For girls the irresistible pull of social networking, for boys the escapism of online gaming. Teenagers - particularly those that fail to find work after leaving school - are increasingly turning to online distractions rather than substance abuse, according to a government report published on Tuesday.

Particularly worrying is the trend toward “excessive or pathological computer game and internet use,” Drug Commissioner Mechthild Dyckmans, author of the “Drug and Addiction Report 2012.” told the Berliner Morgenpost newspaper on Wednesday.

The report also says more young people are gambling than ever before.
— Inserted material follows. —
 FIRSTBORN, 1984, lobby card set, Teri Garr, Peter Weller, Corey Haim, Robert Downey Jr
In 2011, around 25 percent of 16 and 17-year-olds said they had played a commercial gambling game in the past 12 months, compared with just 15 percent in 2009.

Above all, young males out of work are most likely to become addicted to online games or public slot machines, said the paper.
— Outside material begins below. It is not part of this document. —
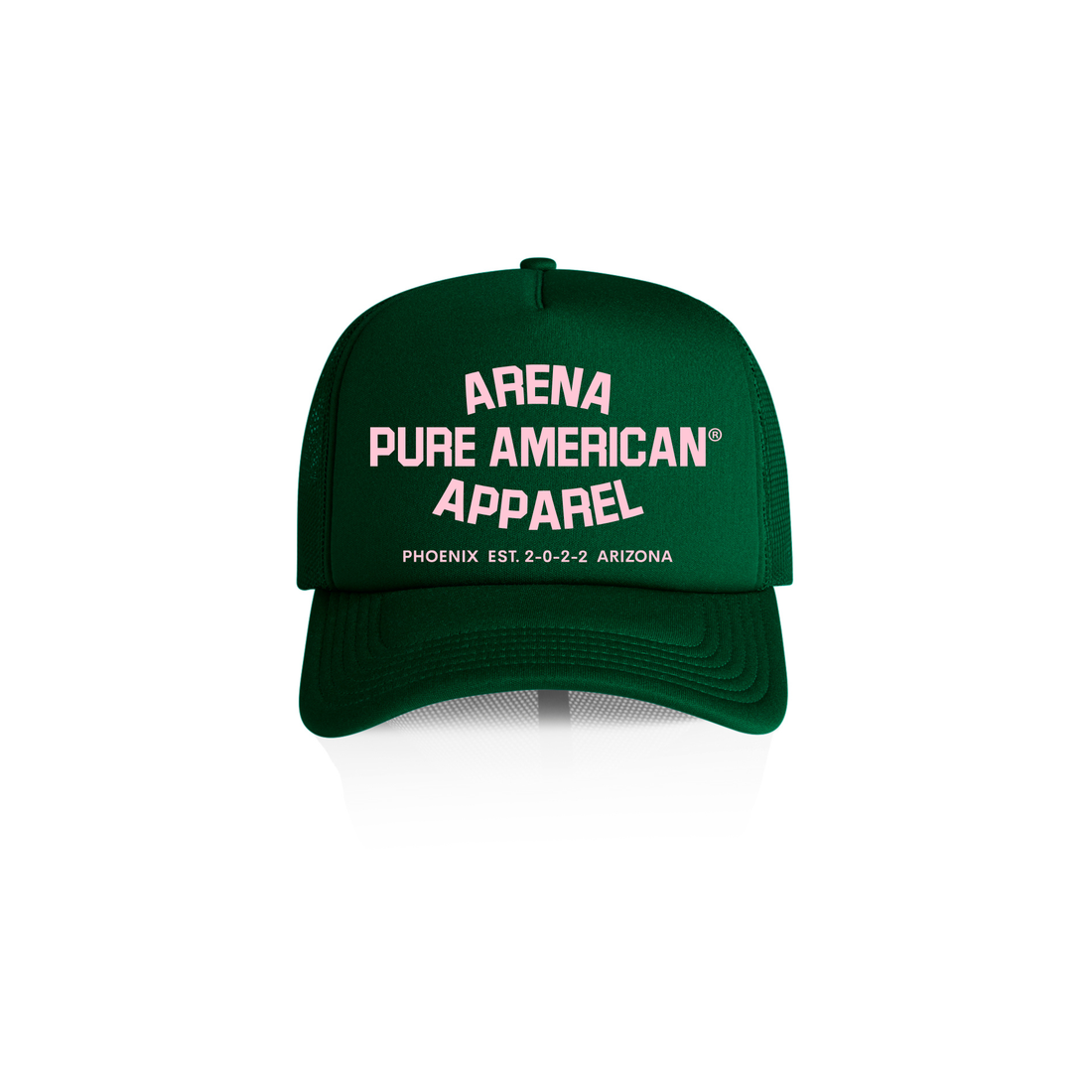 Forest Green Pure American Frame Foam Trucker Cap | Arena Apparel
The number of young males aged 18 to 20 who said they had used a slot machine at least once in the past 12 months has increased by 14 percent since 2007. Twice as many girls are now using slot machines as in 2007, with the figure now up to 5.5 percent.

The government is now looking at ways to better protect young gamers, including closer surveillance, tougher requirements and higher penalties, Dyckmans told the paper.

The good news is that 20 percent fewer people overall died of drug addiction last year, the lowest figure since 1988. While millions in Germany still have drug-related problems, young people are now indulging in a cigarette, drink or joint in fewer numbers.

The number of young smokers has reached an all time low, with under half the number of 12- to 17-year-olds lighting up last year compared to 2001.

Meanwhile more young people than ever before – 70.8 percent - said they had never smoked a cigarette, compared with just 40.5 percent in 2001.

“In many areas the measures taken to limit the consumption of addictive drugs have been effective, especially among children and young people – the group which is most vulnerable,” Dyckmans told the paper.

Overall, binge drinking among 12 to 17 year olds has also fallen from 22.6 to 15.2 percent over the past ten years.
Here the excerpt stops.